◆ PROVIDED DATA
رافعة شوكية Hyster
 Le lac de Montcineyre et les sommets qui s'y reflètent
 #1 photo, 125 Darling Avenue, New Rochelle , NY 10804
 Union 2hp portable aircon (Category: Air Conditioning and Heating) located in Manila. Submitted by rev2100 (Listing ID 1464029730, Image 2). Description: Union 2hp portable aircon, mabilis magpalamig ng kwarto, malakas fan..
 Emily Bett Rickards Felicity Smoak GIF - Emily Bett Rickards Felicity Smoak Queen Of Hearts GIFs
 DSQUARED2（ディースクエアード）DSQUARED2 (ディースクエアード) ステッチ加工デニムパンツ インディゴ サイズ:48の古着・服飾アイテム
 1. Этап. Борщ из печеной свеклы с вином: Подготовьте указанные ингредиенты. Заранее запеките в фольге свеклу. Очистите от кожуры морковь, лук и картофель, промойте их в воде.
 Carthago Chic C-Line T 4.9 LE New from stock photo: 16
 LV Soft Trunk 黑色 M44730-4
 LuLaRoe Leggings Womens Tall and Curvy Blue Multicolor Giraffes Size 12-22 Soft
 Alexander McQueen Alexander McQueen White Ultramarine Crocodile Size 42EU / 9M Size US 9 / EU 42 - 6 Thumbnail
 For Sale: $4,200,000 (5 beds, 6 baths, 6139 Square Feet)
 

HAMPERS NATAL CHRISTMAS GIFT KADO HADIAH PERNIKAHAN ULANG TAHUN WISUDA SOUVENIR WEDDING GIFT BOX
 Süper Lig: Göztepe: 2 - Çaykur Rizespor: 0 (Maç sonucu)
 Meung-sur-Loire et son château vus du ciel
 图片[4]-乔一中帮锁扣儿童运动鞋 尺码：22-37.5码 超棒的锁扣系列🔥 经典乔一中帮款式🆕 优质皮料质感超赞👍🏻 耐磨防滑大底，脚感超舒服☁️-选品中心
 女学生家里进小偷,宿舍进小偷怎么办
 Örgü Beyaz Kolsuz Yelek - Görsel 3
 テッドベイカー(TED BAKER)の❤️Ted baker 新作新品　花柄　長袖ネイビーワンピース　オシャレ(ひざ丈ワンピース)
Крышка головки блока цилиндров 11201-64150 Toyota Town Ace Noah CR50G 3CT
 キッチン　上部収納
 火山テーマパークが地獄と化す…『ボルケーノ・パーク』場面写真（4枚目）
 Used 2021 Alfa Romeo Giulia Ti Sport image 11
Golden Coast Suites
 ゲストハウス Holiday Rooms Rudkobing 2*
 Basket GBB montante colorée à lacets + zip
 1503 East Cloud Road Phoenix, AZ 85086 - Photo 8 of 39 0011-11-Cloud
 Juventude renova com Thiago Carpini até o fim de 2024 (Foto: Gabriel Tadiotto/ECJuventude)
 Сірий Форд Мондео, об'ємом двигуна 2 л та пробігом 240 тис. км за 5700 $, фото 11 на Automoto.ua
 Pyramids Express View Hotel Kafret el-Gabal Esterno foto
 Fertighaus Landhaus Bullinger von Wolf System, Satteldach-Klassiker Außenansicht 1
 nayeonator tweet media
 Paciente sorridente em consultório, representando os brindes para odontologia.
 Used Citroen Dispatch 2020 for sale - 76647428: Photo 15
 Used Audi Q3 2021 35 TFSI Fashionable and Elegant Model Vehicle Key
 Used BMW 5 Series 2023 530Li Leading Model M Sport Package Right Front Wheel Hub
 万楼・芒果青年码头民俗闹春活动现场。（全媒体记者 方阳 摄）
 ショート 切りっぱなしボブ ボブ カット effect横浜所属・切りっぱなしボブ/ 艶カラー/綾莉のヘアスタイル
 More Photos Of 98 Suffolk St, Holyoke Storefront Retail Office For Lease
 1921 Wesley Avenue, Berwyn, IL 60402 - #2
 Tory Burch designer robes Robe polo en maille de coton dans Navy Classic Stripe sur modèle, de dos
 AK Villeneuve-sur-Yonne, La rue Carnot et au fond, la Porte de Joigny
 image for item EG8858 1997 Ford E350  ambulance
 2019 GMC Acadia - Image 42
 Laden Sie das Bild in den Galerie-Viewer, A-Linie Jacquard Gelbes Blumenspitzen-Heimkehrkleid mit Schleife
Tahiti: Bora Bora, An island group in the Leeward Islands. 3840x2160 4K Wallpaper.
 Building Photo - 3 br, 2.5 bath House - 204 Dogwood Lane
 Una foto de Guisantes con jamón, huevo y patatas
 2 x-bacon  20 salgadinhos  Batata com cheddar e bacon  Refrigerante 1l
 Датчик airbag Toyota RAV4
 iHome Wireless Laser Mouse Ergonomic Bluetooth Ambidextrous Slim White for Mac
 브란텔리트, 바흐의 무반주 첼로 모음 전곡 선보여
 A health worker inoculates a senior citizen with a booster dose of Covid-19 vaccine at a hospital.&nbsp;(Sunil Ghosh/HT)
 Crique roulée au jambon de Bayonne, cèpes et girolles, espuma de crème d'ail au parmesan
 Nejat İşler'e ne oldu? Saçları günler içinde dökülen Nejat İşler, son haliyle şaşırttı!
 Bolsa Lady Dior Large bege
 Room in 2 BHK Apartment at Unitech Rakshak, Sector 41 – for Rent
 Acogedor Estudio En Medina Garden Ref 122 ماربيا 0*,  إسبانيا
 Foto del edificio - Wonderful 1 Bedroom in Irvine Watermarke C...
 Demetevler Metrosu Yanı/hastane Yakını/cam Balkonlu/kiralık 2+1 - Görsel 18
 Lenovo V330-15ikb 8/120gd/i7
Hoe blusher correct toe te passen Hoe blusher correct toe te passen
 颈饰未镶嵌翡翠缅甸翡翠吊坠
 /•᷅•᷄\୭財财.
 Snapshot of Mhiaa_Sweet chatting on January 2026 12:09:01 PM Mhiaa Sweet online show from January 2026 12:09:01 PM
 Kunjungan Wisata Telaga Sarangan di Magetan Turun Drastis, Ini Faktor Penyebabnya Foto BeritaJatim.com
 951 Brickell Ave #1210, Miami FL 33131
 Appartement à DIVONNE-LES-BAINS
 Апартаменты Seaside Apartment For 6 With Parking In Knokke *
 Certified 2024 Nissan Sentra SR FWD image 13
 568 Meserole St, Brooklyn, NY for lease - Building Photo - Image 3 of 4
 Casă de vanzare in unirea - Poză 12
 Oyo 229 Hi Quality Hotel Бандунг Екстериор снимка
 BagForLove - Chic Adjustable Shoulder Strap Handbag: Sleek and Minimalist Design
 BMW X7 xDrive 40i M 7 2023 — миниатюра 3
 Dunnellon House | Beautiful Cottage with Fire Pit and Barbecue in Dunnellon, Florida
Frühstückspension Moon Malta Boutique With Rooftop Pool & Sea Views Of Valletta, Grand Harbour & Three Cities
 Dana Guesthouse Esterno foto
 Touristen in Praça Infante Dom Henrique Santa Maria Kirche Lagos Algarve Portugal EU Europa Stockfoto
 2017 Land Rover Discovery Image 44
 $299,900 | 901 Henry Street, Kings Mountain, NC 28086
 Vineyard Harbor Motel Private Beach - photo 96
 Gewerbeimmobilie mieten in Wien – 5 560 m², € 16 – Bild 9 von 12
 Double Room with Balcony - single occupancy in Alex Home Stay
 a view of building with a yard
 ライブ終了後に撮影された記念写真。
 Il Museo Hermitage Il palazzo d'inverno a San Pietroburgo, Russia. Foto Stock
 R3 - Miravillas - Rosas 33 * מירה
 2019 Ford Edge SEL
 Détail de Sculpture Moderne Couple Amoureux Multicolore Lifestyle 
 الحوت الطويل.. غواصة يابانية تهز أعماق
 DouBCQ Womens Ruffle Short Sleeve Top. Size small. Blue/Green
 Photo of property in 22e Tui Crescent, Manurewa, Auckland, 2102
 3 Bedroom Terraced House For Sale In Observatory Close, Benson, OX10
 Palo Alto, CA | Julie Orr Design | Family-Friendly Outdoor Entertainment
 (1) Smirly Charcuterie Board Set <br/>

◆ WHAT THE EXERCISE ASKS
Scan the records above and show every line in which the word "from" occurs.

◆ TASK ANSWER
 Carthago Chic C-Line T 4.9 LE New from stock photo: 16
 Snapshot of Mhiaa_Sweet chatting on January 2026 12:09:01 PM Mhiaa Sweet online show from January 2026 12:09:01 PM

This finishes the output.